ASSIGNMENT ▸ Copy out all of the lines below exactly; the pictures do not belong in the copy.

GIVEN INFORMATION ▸
+===+

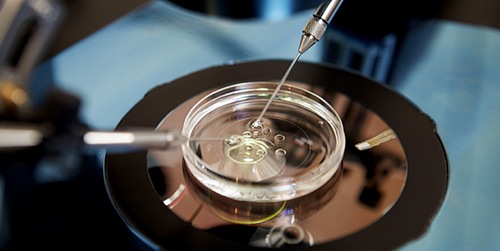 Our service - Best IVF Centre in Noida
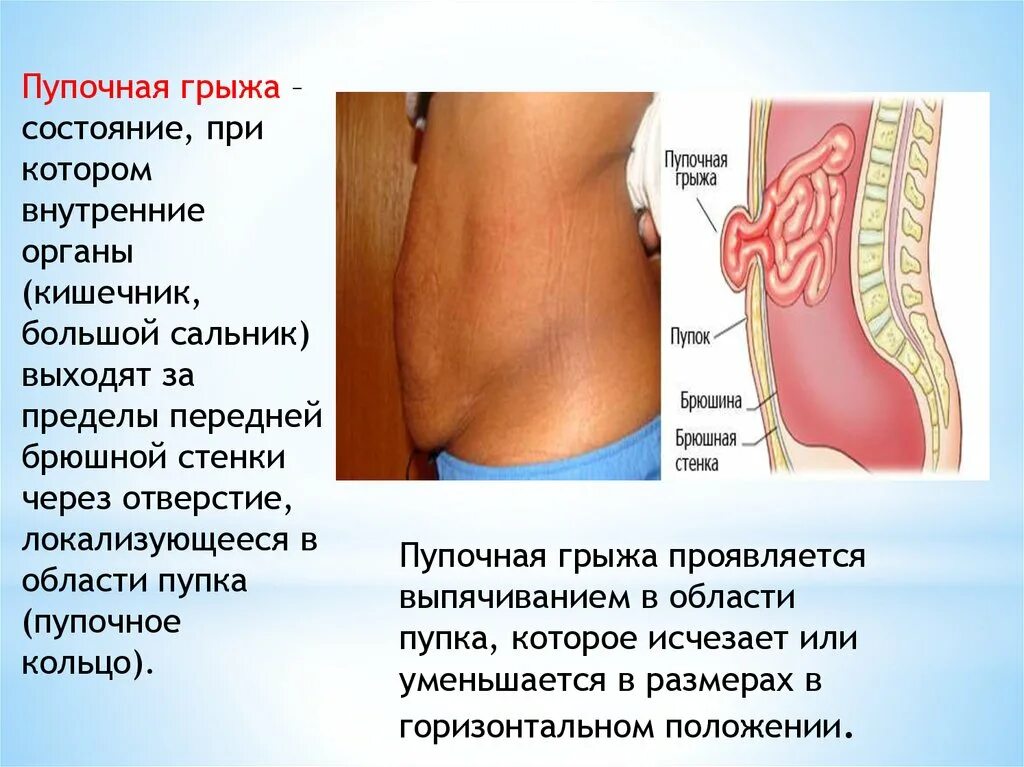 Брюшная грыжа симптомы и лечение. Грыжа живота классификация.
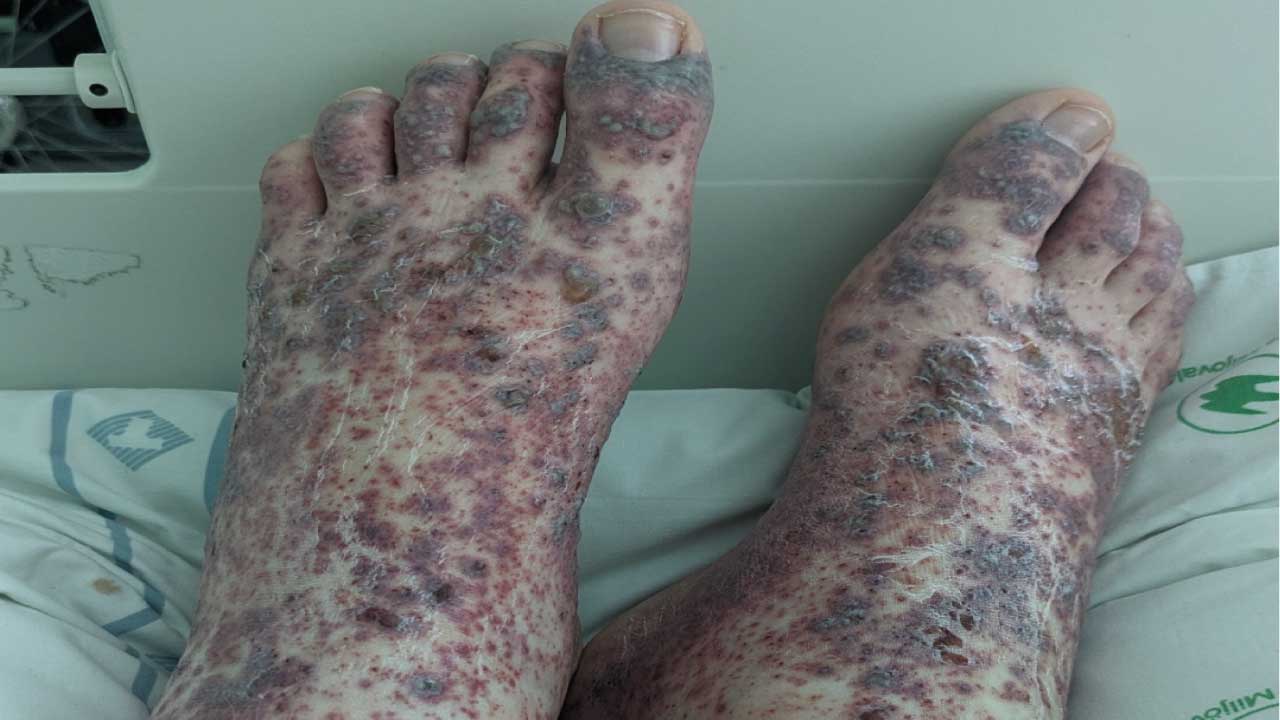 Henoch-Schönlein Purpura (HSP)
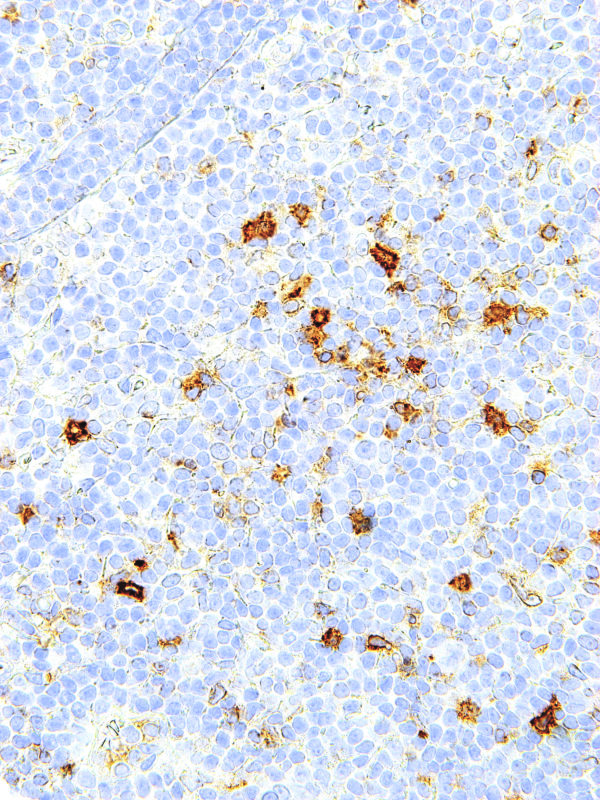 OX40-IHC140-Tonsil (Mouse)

+===+

SOLUTION TO THIS TASK ▸
 Our service - Best IVF Centre in Noida
 Брюшная грыжа симптомы и лечение. Грыжа живота классификация.
 Henoch-Schönlein Purpura (HSP)
 OX40-IHC140-Tonsil (Mouse)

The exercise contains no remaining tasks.